The more I travel around and visit with ag teachers, the more I am of the opinion that all ag teachers are the same no matter where you go -- we all have the same struggles and issues. One issue that is very common is an increase of non-traditional teachers filling the ag teacher shortfall. The real concern is that these teachers seldom last very long because of issues with classroom management, learning FFA, SAE's, or being willing to collaborate in their teachers' association. Some become very successful -- I can name two -- but most non-traditional, industry-based teachers struggle with the huge learning curve in agricultural education. We have a huge growth of new teachers, and I think this is a direct result of the National Teach Ag Campaign, however these teachers are struggling as well.
So the question that I get most often is how do we as a state or a region better support these teachers? Things that I have noticed across the nation is that our professional conferences are extremely helpful if we can get the teachers there. I have witnessed that successful conferences have infused more workshops instead of tours, and this is a direct result of “needs” surveys done prior to the conferences. New teachers want the content and the how-to’s! One state I visited had three days of workshops that varied from a full day, two hours, one hour to 30 minutes, based on the emphasis from the teachers attending. This conference that I speak of had a record number of teachers attending, and I believe that was because the state leadership did an outstanding job listening to the needs of the teachers they represented and were willing to change their conference to meet their members' needs.

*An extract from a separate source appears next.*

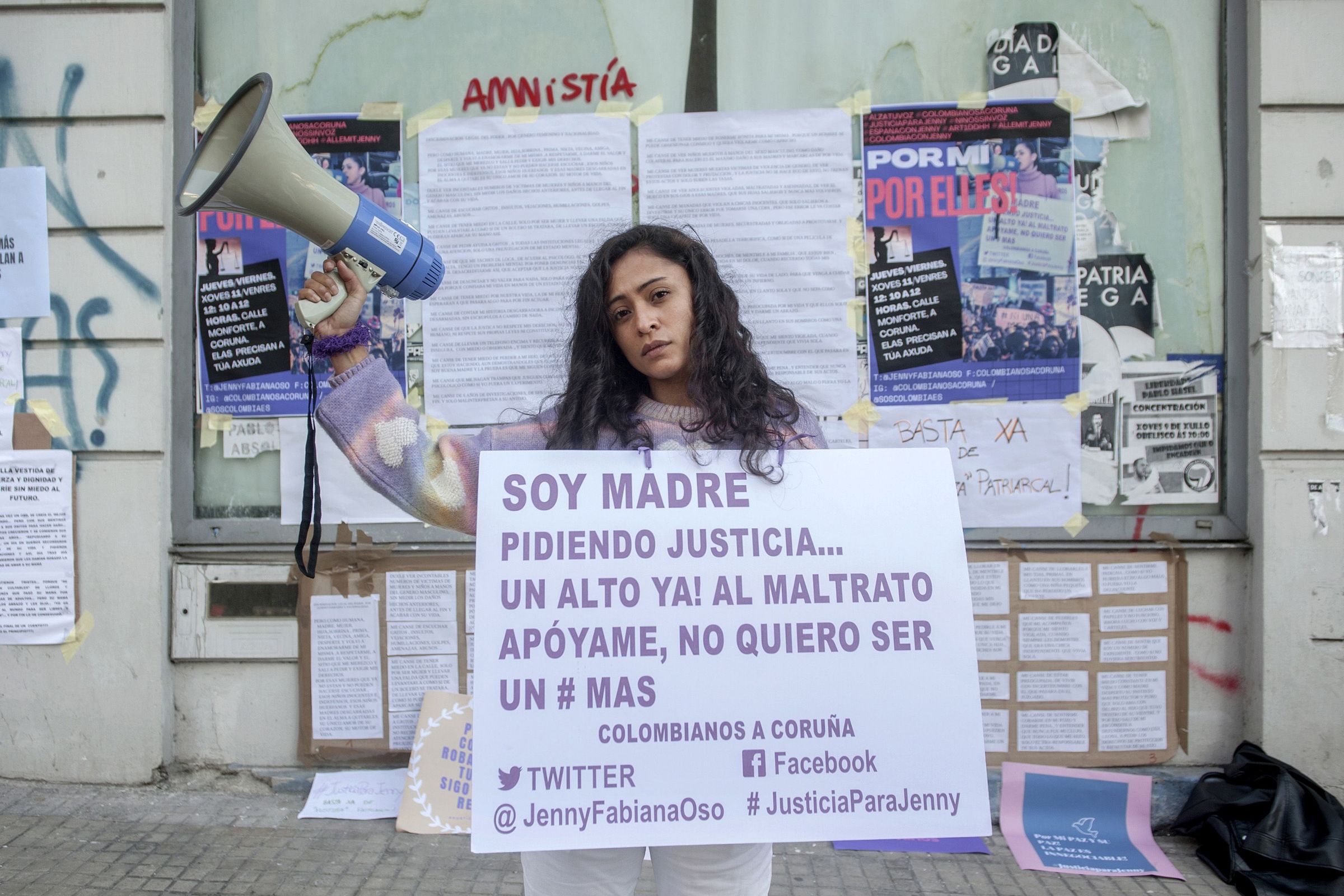 Jenny Fabiana Osorio protestou durante unha semana fronte aos xulgados de A Coru�a para conseguir que as visitas do seu fillo ao seu pai se fixesen de maneira tutelada. 12/11/2021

As the National Teach Ag Campaign is doing a great job recruiting teachers, it is our job to retain them. I believe this begins with encouraging new teacher membership in our organization. Some regions have really done an excellent job of helping preservice teachers get to state, regional and national conferences — I believe this is important because we get them into the wonderful collaboration and the family collusion that NAAE provides its members. It is no different in recruiting your freshmen to become FFA members, because if we wait until they are sophomores or juniors, they have already missed out on so much. One region that I have visited has about four universities with agricultural education degrees, that work together to provide workshops specifically for preservice teachers at the regional conference. This workshop is one day ahead of the major conference schedule, but allows preservice teachers to hear from experienced teachers from various states. This also helps the preservice teachers to learn of the jobs available, and gives them a chance to be recruited as well. This is a win-win, as these soon-to-be new teachers are getting to rub shoulders with experienced ag teachers, who tend to be the state leaders, but the experienced teachers are learning the new technology and out-of-the-box ideas from the preservice teachers.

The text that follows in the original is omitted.